LISTED RECORDS:
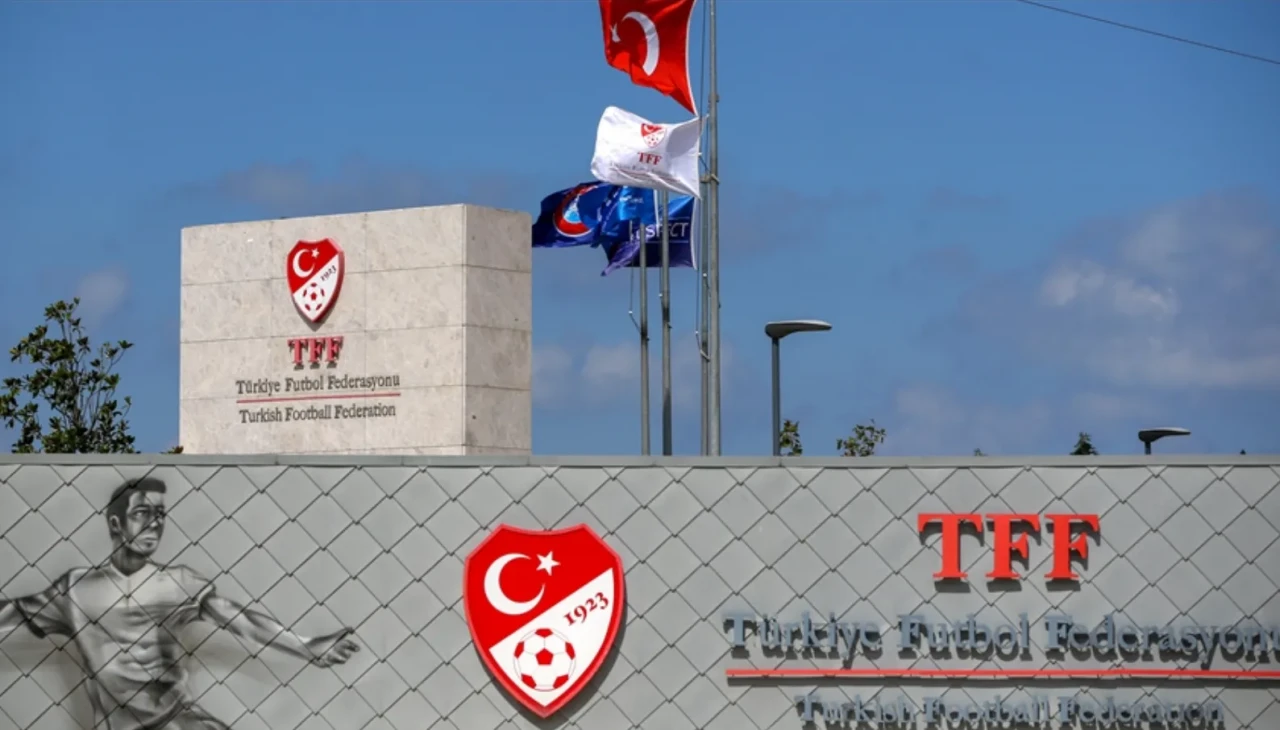 PFDK düğmeye bastı: Süper Lig'de kulüplere para, Gümüşdağ’a ceza yağdı!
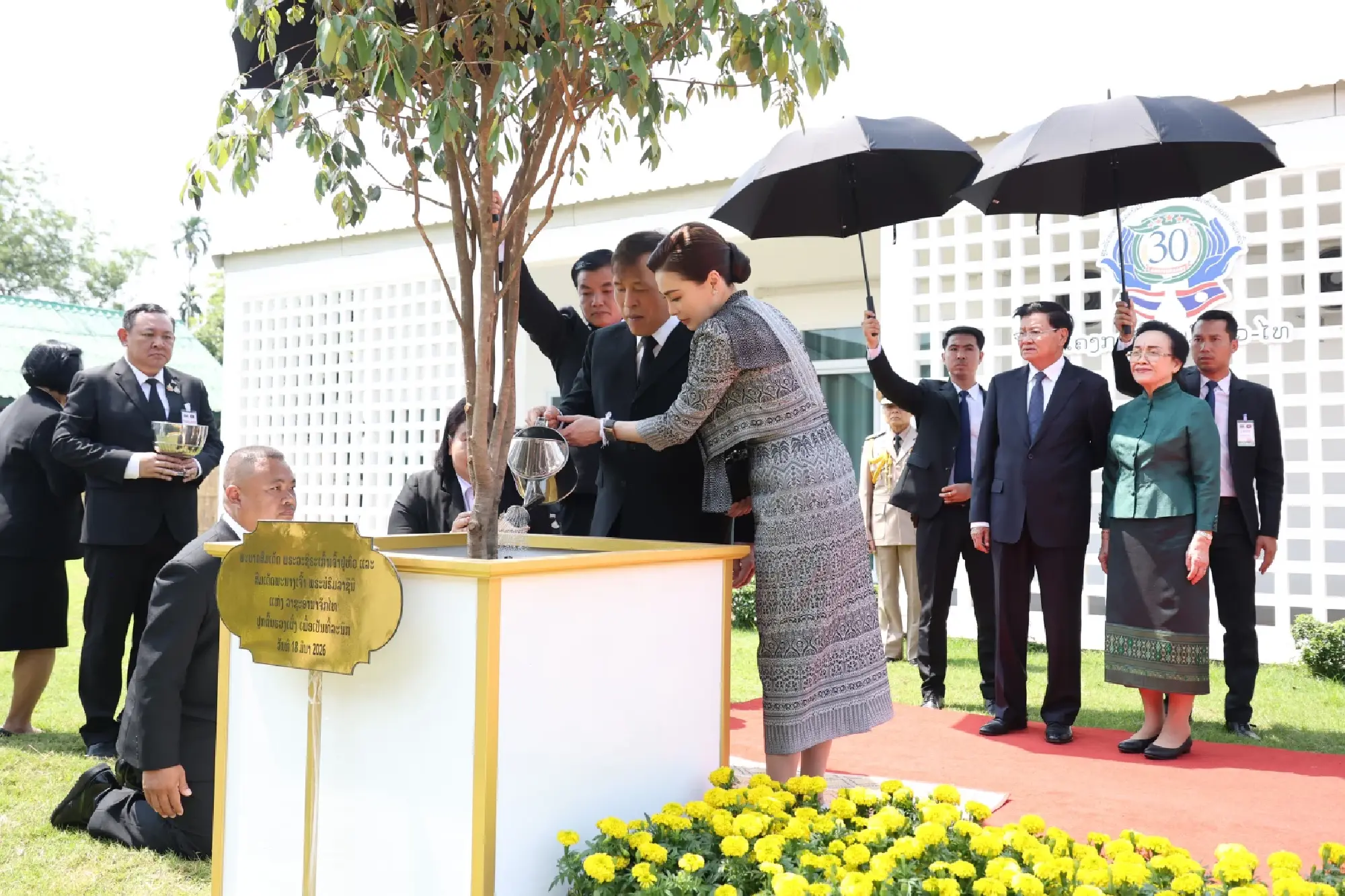Their Majesties visit Huayxone-Huayxua agricultural centre in Laos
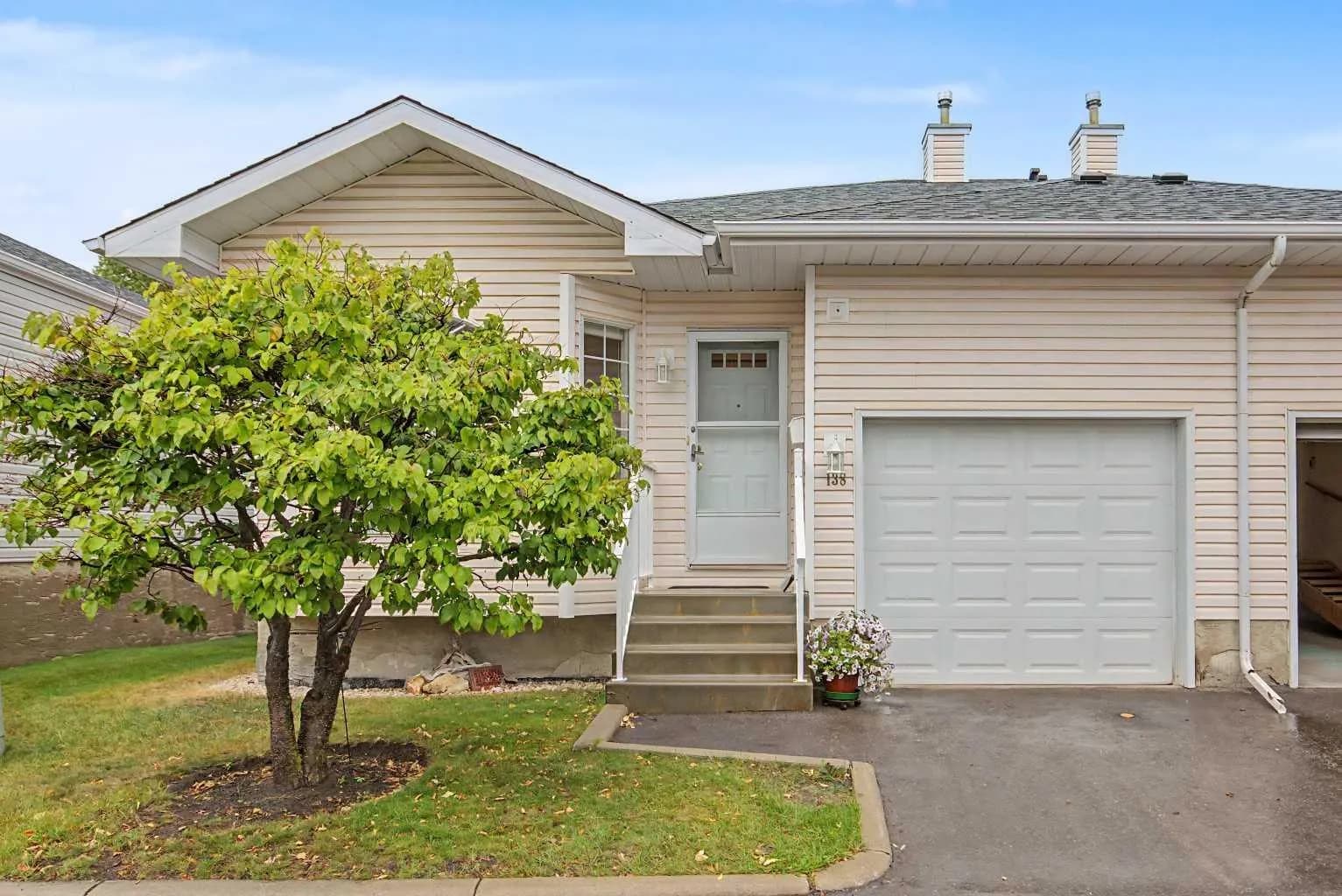 Semi Detached (Half Duplex)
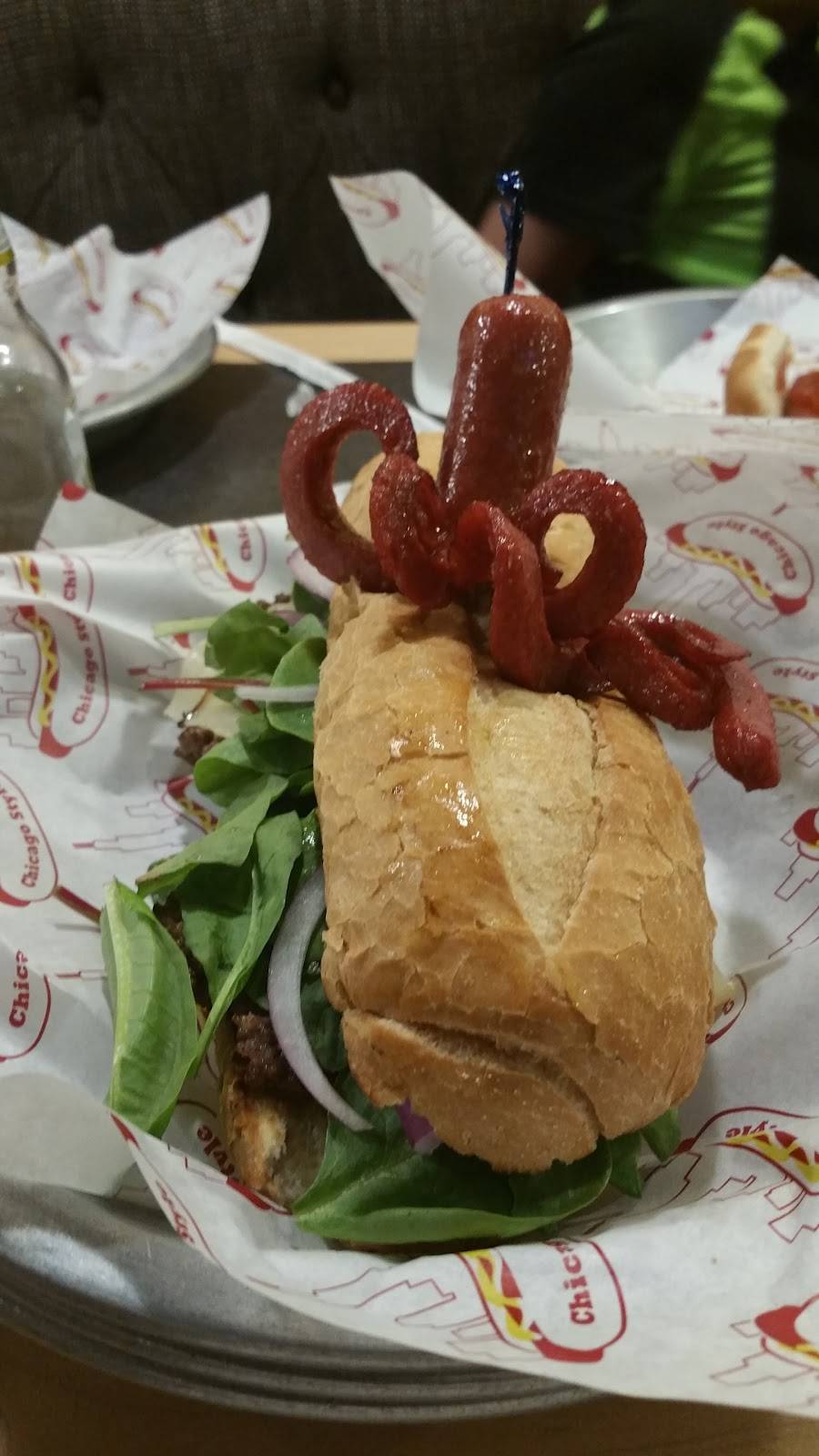 Manzos Burger | restaurant | 2353 W 111th St, Chicago, IL 60643, USA | 7737795945 OR +1 773-779-5945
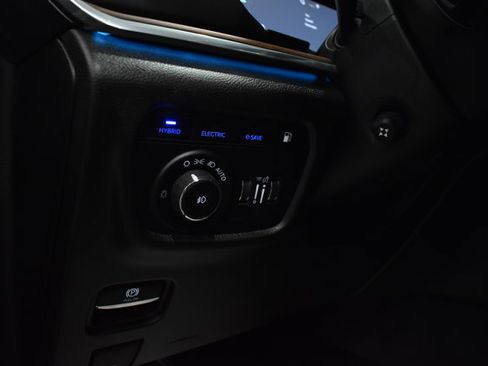 Used 2022 Jeep Grand Cherokee Summit w/ Luxury Tech Group V image 38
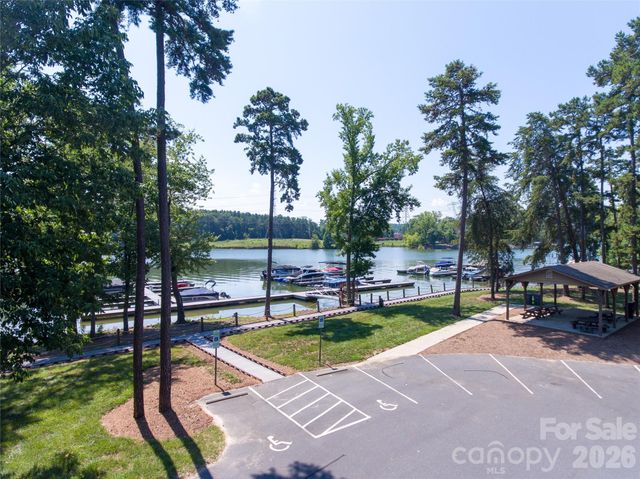 5017 Hermitage Court 202, Belmont, NC 28012
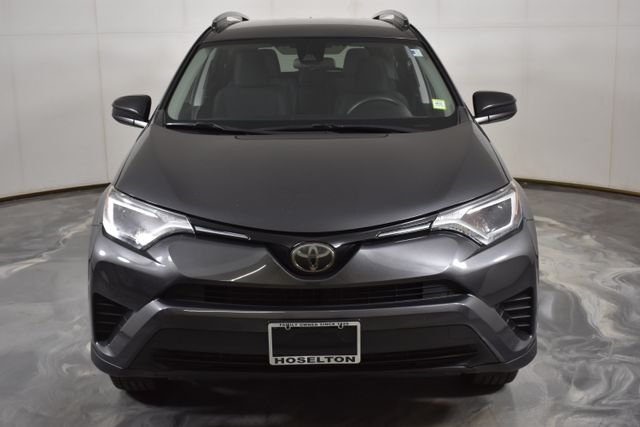 Used 2018 Gray Toyota LE image 9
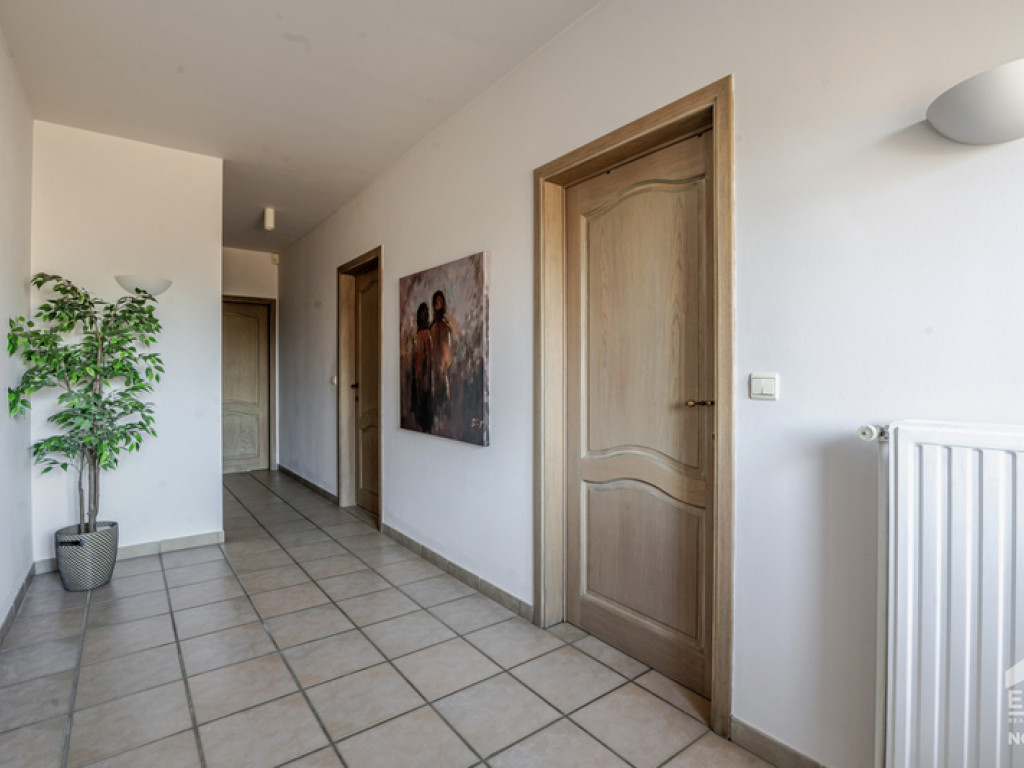 Postbaan - 77 - - 3290
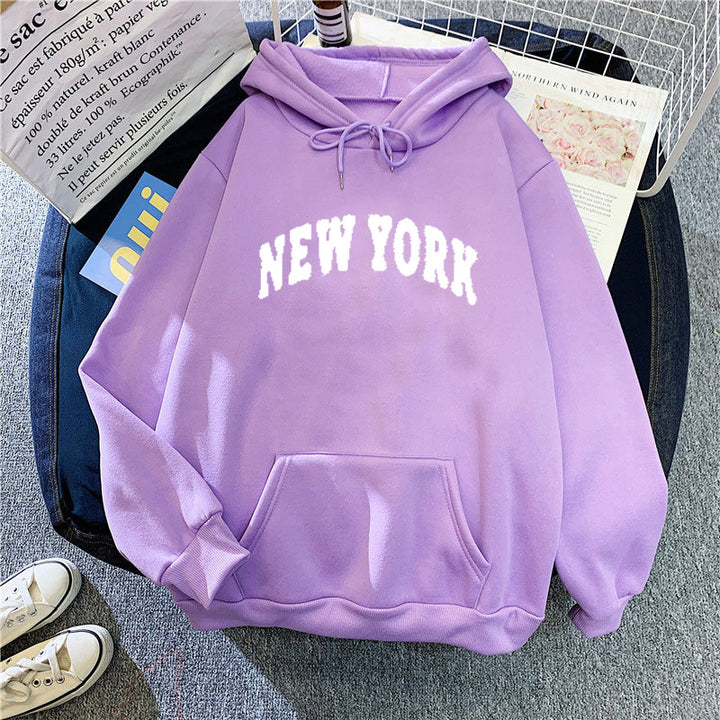 Dame hettegenser med moderne New York-trykk Skjora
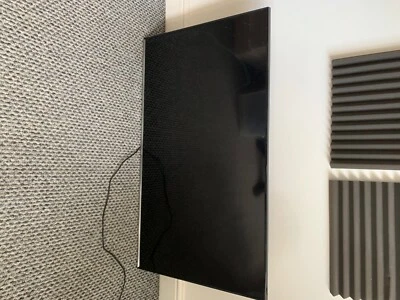 Samsung 47 Inch TV (Broken Screen) - Image 1 of 2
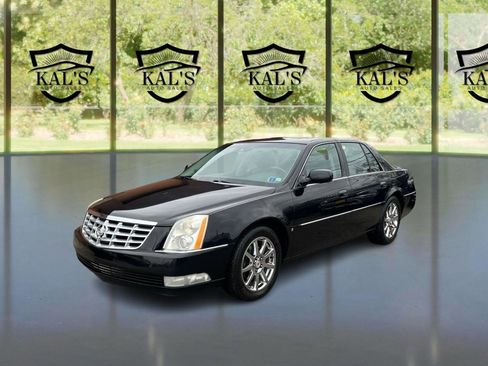 Used 2008 Cadillac DTS Performance FWD image 1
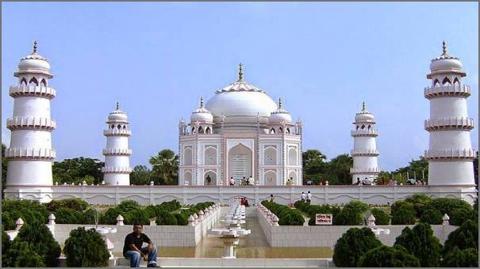 Taj Mahal Bangladesh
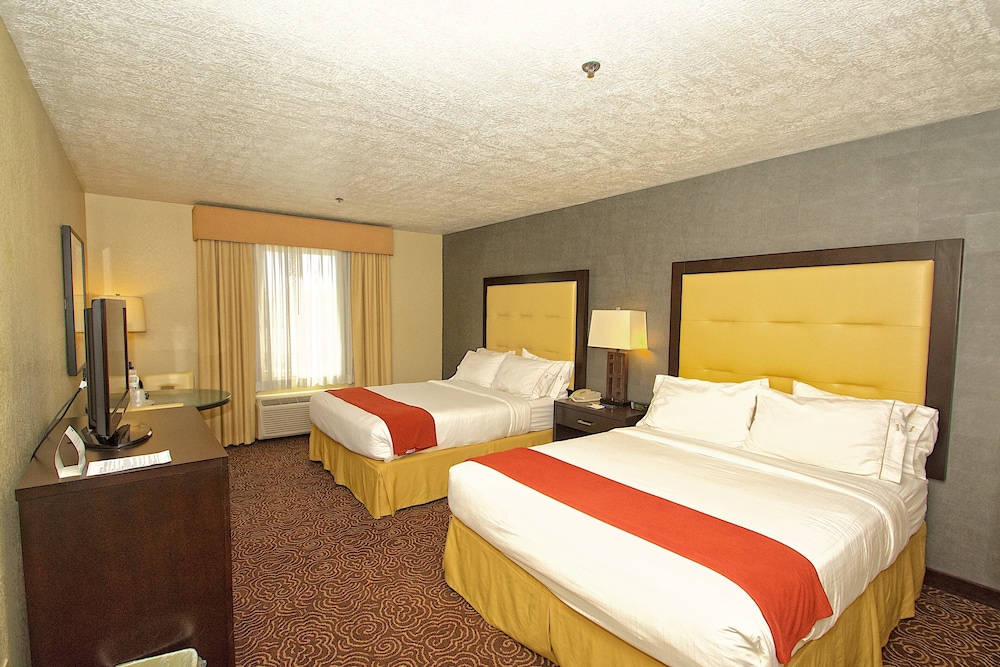 Standard Room, 2 Queen Beds, Mountain View - Photo 1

WORK ITEM: Output all of the data exactly. Skip the pictures.

RESPONSE BOX:
 PFDK düğmeye bastı: Süper Lig'de kulüplere para, Gümüşdağ’a ceza yağdı!
Their Majesties visit Huayxone-Huayxua agricultural centre in Laos
 Semi Detached (Half Duplex)
 Manzos Burger | restaurant | 2353 W 111th St, Chicago, IL 60643, USA | 7737795945 OR +1 773-779-5945
 Used 2022 Jeep Grand Cherokee Summit w/ Luxury Tech Group V image 38
 5017 Hermitage Court 202, Belmont, NC 28012
 Used 2018 Gray Toyota LE image 9
 Postbaan - 77 - - 3290
 Dame hettegenser med moderne New York-trykk Skjora
 Samsung 47 Inch TV (Broken Screen) - Image 1 of 2
 Used 2008 Cadillac DTS Performance FWD image 1
 Taj Mahal Bangladesh
 Standard Room, 2 Queen Beds, Mountain View - Photo 1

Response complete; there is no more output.